Back in 2007, John Fortier and I did a book called Second-Term Blues on how George W. Bush had governed after his reelection. John and I started with an essay on the usual characteristics of second-term presidencies, and measured Bush against them. This is a good time to do the same with Barack Obama.
We identified a set of characteristics that defined presidents reelected to a second term from FDR on. Let's look at them.
Hubris. Every second-term president views reelection as a mandate for his policies and priorities, a vindication of the first term, and a rebuke to the president's critics. Many overreach, as Franklin Roosevelt did with his plan to "pack" the Supreme Court, and Bush did with his attempt to privatize Social Security.

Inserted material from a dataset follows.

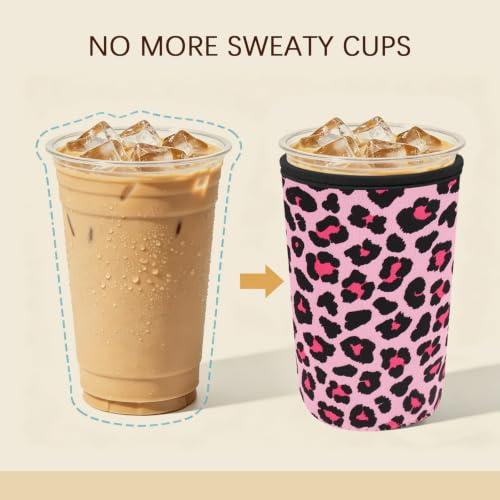 Image of Insulated Neoprene Cup Sleeve for Iced Coffee & Cold Soda - Reusable & Sweatproof, Keeps Drinks Cold Longer, Coffee Coolie for Hot & Iced Drinks (Pink Leopard Print, Large: 32oz)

What about Obama? As the first president since Dwight Eisenhower to win election and reelection with at least 51 percent of the popular vote, he had reason to feel vindicated. No question, he started his second term with high expectations that the unrelenting and blanket opposition to every one of his initiatives by Republicans in Congress would abate enough, at least in the Senate, to give him chances to enact major new policy initiatives on guns, immigration, energy, and infrastructure, while also moving toward at least a mini-Grand Bargain on fiscal matters. The path seemed to be through bipartisan coalitions in the Senate, forcing action in the House. To get there, Obama did not take a "my-way-or-the-highway" approach.